Yeah! It’s the thing Spider-Man loves most.

After going through all that, Hughie finally breaks down into tears with Annie at the end of the episode once they’re back at headquarters. Will we see more fallout from that in the final episodes? Because he’s been through a lot already with his dad’s death, and then that sex-dungeon trauma happened.

His story in this particular episode is the kind of denial and compartmentalization a lot of us have when we’re dealing with the death of a loved one. And if you look throughout the episode, he’s always just saying, “I’m fine, I’m fine, I’m totally fine. I’m fine.” Which is what a lot of people do before you finally can sort of open the door to the pain you’re feeling. And I think that’s part of healing. So I think he’s going to go on and really try to absorb and learn what his dad and his mother taught him about forgiveness, and really try to take that into the season. Because he really does have the most mature and human arc out of all the characters this season.

Where did the idea for Firecracker breastfeeding Homelander come from? We know his milk fetish, we know his mommy fetish. But the choice actually to take it to this level on screen and get Antony Starr and Valorie Curry comfortable with that…

No, of course, Ant and Val were like, “Let’s do it!” I think I remember telling Val on Day 1 of seeing her in Toronto, “Just so we’re clear, Firecracker is going to be breastfeeding him.” And I believe her response was something to the effect of like, “Well, of course she is.” When you take that character and how slavishly devoted she is to Homelander, and how she would do anything for him — as she’s made abundantly clear by saying it like seven times in a row to him — that giving him the thing he wants most in the world becomes logical, in a bananas sort of way.

As we were saying in the room, because she’s also jockeying to get in a better position as a way to sell out Sage, they’re now competing for Homelander’s attention.
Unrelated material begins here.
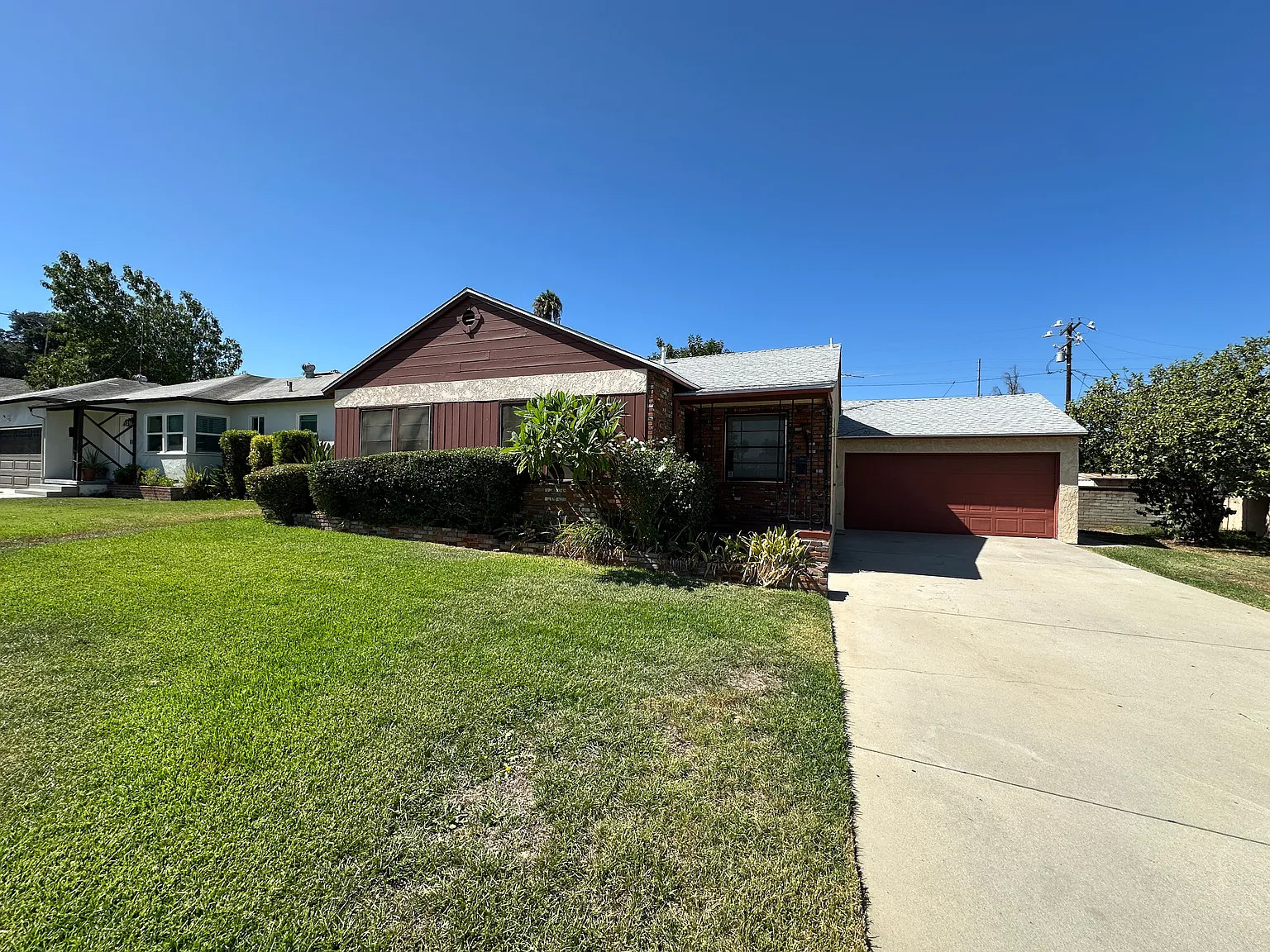 3 bed, 984 sqft, $2,800 — Photo 1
So the conversation in the room came up that Sage is great at what people might need intellectually, but Firecracker is really amazing at what people need emotionally. And we said, “Well, what is the thing Homelander needs most in the world that no one else could give them?” And it’s a hop, skip and a jump to, “Well, he would need a woman who’s actually willing to let him breastfeed.” And I remember distinctly, Ellie Monahan in the room said, “If we’re doing that, that’s the craziest thing we’ve ever done.” And it’s close, man.
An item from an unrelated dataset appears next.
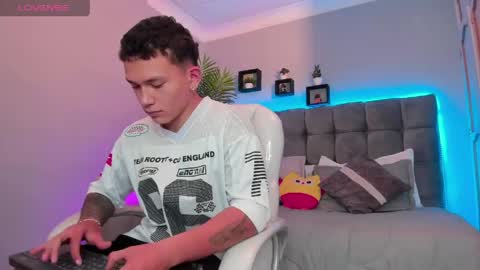 Thomas online show from April 29, 5:30 pm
That scene, first of all, getting the milk squirted into his face, and Ant’s shock and total delight is such a beautiful moment. But any other sane show would cut away at that point. And by the way, not that sane — but that’s when you cut away, you know what’s gonna happen.

The fact that we cut to the actual breastfeeding scene makes me cover my mouth every time. It’s just so stunning, and wow. Just what it means to the characters — the actors’ balls in pulling that off. I mean, it’s just my chef’s kiss to all of them.

And the medicine that does that only enlarges her heart a little bit!

Just a tiny little bit.

This interview has been edited and condensed.